• _About this exercise_
From the listing below, copy only the lines from the line that contains "Photo of 10 Abbot Ln" to the line that contains "Exterior area of", counting those two lines as part of the copy.

------ Input data

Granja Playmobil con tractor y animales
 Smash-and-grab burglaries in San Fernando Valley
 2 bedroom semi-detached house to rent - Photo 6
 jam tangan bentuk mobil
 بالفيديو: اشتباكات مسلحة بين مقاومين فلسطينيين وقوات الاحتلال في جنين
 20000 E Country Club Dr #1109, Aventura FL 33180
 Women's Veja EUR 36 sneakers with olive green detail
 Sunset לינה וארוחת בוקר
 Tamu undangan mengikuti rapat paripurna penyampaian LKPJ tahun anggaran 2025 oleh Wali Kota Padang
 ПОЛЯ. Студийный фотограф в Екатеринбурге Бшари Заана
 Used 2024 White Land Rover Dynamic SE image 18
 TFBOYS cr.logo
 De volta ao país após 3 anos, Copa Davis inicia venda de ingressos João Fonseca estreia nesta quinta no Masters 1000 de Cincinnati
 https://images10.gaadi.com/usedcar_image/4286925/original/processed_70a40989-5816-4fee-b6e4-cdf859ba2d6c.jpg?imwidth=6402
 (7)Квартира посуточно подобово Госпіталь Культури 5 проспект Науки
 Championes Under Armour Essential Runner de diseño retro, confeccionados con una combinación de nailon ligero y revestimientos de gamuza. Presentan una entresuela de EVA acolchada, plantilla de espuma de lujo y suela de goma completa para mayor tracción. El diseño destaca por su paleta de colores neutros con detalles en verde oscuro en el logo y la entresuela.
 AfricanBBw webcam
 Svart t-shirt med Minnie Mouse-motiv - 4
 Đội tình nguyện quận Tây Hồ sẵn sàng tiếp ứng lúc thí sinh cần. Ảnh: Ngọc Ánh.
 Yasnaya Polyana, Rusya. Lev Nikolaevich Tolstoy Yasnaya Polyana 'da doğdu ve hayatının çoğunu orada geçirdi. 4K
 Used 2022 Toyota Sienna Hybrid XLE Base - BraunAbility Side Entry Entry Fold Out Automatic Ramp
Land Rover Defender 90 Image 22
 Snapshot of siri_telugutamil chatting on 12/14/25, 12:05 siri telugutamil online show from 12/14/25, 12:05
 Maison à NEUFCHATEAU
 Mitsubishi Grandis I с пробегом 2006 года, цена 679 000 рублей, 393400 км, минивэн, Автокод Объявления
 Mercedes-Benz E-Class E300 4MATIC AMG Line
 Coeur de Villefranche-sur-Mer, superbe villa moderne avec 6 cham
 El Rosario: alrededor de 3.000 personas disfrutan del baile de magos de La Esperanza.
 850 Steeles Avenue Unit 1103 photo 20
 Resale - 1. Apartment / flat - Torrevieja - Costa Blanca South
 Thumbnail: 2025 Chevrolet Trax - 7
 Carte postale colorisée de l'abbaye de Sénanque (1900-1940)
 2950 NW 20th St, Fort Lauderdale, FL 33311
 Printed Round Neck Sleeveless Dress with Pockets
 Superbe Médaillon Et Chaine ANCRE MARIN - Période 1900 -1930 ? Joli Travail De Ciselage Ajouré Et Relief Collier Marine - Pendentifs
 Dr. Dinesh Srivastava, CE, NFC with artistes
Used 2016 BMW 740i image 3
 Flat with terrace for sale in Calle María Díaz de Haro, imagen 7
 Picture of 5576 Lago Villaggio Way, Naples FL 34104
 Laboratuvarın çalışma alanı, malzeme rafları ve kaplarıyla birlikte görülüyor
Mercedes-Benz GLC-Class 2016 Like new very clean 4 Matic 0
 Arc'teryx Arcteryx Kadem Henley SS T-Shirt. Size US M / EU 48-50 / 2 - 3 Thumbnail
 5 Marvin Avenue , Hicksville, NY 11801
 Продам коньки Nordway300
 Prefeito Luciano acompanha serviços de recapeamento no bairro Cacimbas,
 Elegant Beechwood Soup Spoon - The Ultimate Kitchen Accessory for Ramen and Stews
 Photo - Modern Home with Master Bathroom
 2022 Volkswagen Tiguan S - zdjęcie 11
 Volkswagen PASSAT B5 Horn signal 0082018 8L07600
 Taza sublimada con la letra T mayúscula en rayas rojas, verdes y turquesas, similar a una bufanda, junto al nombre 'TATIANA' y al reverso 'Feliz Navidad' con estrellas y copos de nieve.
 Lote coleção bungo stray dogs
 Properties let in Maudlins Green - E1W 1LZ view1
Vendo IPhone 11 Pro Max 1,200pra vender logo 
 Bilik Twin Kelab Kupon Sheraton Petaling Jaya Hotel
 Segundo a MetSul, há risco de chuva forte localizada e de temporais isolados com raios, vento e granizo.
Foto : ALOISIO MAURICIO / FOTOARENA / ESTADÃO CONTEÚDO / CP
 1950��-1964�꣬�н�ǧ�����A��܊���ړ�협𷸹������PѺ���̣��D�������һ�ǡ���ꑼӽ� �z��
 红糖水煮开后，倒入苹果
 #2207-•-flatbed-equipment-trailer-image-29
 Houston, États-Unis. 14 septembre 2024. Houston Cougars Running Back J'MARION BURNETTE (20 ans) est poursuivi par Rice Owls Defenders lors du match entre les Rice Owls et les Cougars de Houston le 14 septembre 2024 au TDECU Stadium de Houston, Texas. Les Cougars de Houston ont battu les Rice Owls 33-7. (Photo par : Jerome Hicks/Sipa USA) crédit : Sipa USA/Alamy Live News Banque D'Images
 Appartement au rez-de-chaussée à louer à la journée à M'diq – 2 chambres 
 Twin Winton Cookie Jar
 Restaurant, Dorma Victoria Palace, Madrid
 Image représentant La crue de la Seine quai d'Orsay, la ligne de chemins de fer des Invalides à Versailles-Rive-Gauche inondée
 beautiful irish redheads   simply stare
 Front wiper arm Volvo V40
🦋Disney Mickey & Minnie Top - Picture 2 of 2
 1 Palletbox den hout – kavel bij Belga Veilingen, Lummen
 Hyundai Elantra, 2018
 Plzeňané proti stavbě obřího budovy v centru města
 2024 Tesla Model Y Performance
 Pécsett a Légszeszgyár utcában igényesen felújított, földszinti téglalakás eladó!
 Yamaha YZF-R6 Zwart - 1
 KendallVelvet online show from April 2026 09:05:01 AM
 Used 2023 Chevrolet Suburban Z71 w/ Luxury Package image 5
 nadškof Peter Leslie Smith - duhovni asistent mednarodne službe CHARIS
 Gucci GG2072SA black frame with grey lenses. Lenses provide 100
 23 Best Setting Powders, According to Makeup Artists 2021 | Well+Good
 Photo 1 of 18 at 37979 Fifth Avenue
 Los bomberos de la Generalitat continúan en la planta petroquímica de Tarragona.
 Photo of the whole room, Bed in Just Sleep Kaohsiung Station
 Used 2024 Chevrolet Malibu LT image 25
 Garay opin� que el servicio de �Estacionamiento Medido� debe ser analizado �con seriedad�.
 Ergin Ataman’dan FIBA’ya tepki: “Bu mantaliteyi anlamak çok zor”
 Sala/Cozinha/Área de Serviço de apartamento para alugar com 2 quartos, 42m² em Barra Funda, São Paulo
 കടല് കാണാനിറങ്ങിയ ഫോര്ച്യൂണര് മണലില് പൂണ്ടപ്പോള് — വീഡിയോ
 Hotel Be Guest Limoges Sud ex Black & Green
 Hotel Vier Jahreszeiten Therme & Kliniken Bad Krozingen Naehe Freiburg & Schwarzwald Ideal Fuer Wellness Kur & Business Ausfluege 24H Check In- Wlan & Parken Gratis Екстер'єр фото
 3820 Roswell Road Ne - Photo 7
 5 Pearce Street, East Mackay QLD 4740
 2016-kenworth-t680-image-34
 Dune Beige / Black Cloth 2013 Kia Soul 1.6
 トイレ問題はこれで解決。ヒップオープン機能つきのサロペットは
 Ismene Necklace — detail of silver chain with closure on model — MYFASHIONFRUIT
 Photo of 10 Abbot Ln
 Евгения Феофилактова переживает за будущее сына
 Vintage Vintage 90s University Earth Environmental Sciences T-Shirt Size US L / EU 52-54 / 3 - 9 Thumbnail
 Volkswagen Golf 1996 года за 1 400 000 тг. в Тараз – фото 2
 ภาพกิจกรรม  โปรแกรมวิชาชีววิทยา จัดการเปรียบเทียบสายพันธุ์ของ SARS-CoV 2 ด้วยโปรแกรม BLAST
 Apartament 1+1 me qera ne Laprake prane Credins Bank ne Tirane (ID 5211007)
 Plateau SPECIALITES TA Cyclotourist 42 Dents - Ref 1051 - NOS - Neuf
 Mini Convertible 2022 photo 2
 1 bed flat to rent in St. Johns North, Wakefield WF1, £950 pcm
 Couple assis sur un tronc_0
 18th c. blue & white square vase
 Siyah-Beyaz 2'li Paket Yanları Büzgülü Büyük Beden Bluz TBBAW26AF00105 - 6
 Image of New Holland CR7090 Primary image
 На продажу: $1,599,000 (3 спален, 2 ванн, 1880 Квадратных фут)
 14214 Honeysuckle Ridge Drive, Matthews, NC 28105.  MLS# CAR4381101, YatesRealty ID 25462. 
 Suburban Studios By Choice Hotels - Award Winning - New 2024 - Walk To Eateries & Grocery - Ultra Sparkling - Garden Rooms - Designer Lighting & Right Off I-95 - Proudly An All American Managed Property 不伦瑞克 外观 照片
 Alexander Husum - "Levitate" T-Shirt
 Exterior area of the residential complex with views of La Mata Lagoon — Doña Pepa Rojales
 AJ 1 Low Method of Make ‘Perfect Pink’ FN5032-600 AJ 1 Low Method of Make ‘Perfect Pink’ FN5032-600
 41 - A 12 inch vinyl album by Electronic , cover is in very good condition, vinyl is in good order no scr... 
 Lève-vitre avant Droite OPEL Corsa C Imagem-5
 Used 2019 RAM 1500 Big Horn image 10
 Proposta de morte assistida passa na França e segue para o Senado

------------

• _Exercise answer_
 Photo of 10 Abbot Ln
 Евгения Феофилактова переживает за будущее сына
 Vintage Vintage 90s University Earth Environmental Sciences T-Shirt Size US L / EU 52-54 / 3 - 9 Thumbnail
 Volkswagen Golf 1996 года за 1 400 000 тг. в Тараз – фото 2
 ภาพกิจกรรม  โปรแกรมวิชาชีววิทยา จัดการเปรียบเทียบสายพันธุ์ของ SARS-CoV 2 ด้วยโปรแกรม BLAST
 Apartament 1+1 me qera ne Laprake prane Credins Bank ne Tirane (ID 5211007)
 Plateau SPECIALITES TA Cyclotourist 42 Dents - Ref 1051 - NOS - Neuf
 Mini Convertible 2022 photo 2
 1 bed flat to rent in St. Johns North, Wakefield WF1, £950 pcm
 Couple assis sur un tronc_0
 18th c. blue & white square vase
 Siyah-Beyaz 2'li Paket Yanları Büzgülü Büyük Beden Bluz TBBAW26AF00105 - 6
 Image of New Holland CR7090 Primary image
 На продажу: $1,599,000 (3 спален, 2 ванн, 1880 Квадратных фут)
 14214 Honeysuckle Ridge Drive, Matthews, NC 28105.  MLS# CAR4381101, YatesRealty ID 25462. 
 Suburban Studios By Choice Hotels - Award Winning - New 2024 - Walk To Eateries & Grocery - Ultra Sparkling - Garden Rooms - Designer Lighting & Right Off I-95 - Proudly An All American Managed Property 不伦瑞克 外观 照片
 Alexander Husum - "Levitate" T-Shirt
 Exterior area of the residential complex with views of La Mata Lagoon — Doña Pepa Rojales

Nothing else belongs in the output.